Background: The Ouroboros is one of the possible bosses of the second biome, the Orpheum. The battle against the colossal serpent is long and challenging, involving meticulous positioning, and the necessity to break down a huge health pool. While the body can also attack, the head is the damage dealer to absolutely avoid. In fact, every few turns, the head will use the Starvation attack causing an insane amount of damage to the character in front of it. However, if nobody is in that position, the missing attack will weaken the creature, now starving from hunger. And if avoiding that position looks easy on paper, the other body parts, especially the tail, can push all the characters one position toward the deadly maw. Moreover, if a three-target boss with high HPs and an almost instant killing attack is not challenging enough, the “killed” body parts come back as rotten flesh able to heal the creature.
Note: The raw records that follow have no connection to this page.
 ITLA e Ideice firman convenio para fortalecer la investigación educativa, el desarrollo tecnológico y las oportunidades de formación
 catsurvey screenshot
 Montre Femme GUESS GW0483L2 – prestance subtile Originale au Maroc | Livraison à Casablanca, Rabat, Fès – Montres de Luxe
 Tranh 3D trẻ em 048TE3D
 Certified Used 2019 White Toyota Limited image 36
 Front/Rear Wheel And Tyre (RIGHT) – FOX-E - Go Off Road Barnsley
The Ouroboros is based on the snake with the same name, a representation of the time cyclicity by eating its own tail. Just in Brutal Orchestra, the self-eating goes even more literally. According to the official Wiki, the Ouroboros was once worshipped by a cult, who believed that, with enough sacrifices, the human face would have finally spoken a mysterious truth. Interestingly, this is not the first game where the Ouroboros appears with this disturbing design. In Swallow the Sea, from the same developers ItsTheTalia, the grotesque fish-human hybrid is called Orro. The two games are somehow connected, this is because Brutal Orchestra is set in a huge purgatory where the creatures that died in other games, including the Orro, spend the eternity or reborn there.
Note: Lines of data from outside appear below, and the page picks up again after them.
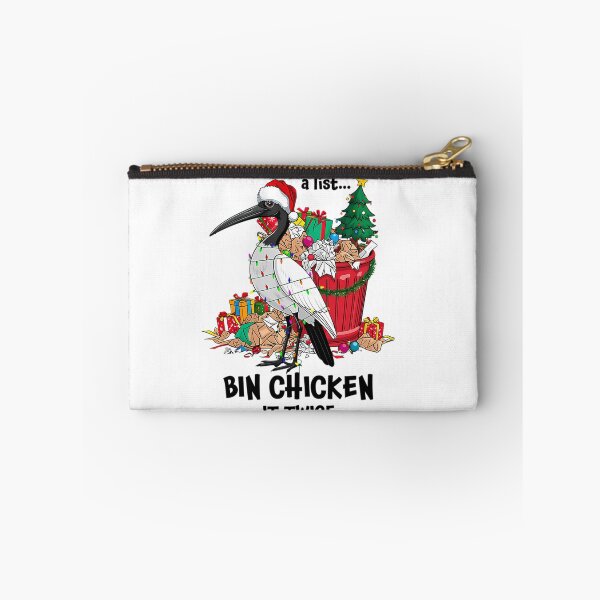 Item preview, He Is Making A List Bin Chicken It Twice Aussie Xmas Ibis designed and sold by michaelnugent72.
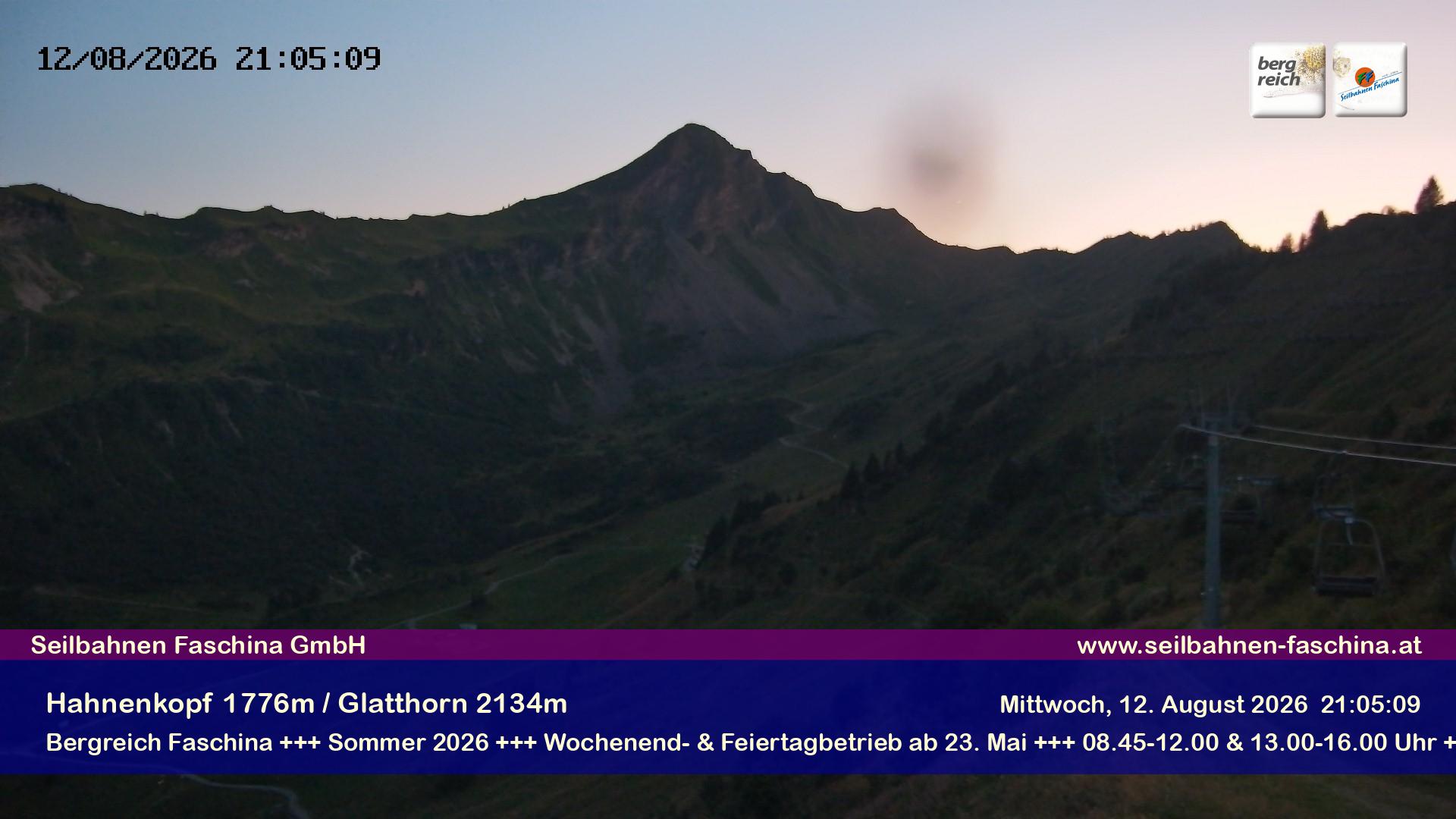Faschina - Hahnenkopf / Gatthorn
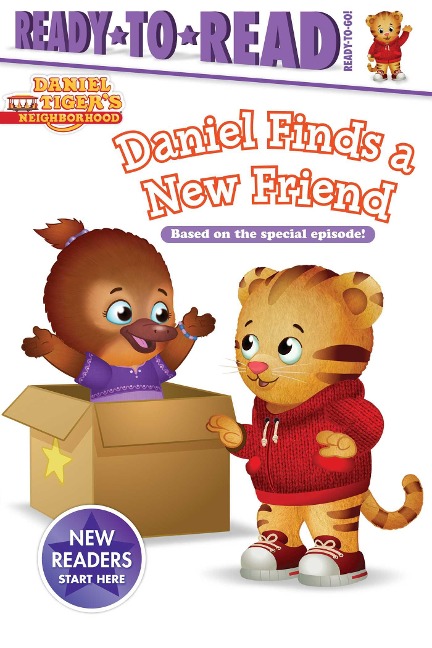 Daniel Finds a New Friend: Ready-To-Read Ready-To-Go!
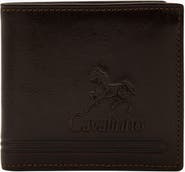 Cavalinho Gentleman Trifold Slim Leather Wallet 554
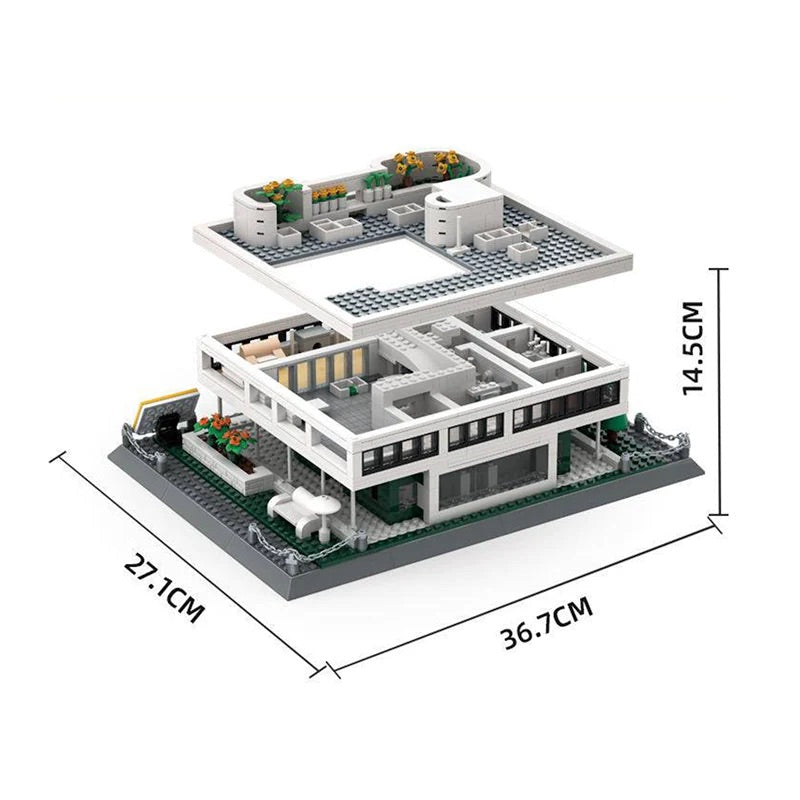 VILLA SAVOYE, PARIS | 1226PCS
I contacted Talia Bob Mair, one of the developers, to learn something more about the Ouroboros, and they were kind enough to reply with some information about the design, lore, and even secrets behind the Ouroboros. They even provided an interesting concept image of the Orro from Swallow the Sea. So I will leave now space for the words of the dev:

The Ouroboros / Orro is a strange creature, as she is really the product of a long running trend in my artwork of adding humanoid features to fish. The double face element of the Ouroboros/ Orro actually was inspired by the Manga Berserk and its habit of it’s apostle monsters featuring two faces, a monstrous face and a human one. The Orro originally had brown skin [Image below] with purple innards as both the face and skin tone were taken from Angad Matharoo (my co-developer on Perfect Vermin). A fun fact is that Pearl, a party member in Brutal Orchestra’s design, is actually a scrapped design for the Ouroboros’ head in Swallow the Sea. Speaking of Brutal Orchestra, the Orro shows up in that game as the Ouroboros, this was done to try and translate some of the immense amount of Swallow the Sea players to Brutal Orchestra but also because we have fallen too deeply in love with the face whale to let her go. I don’t think she will show up in another game for a while but you will likely see her again someday.

As a bonus fun fact I will reveal something strange I did while making Swallow the Sea that has previously been kept secret. Every rock in Swallow the Sea was placed by hand as our procedural attempts were lackluster. This meant for almost 2 weeks all I did was place every rock in the game. For some reason I decided to make one of these blocks shaped like male genitalia and began hiding it throughout the game. There are roughly 300 instances of this cock-rock in the game and no one has ever noticed it.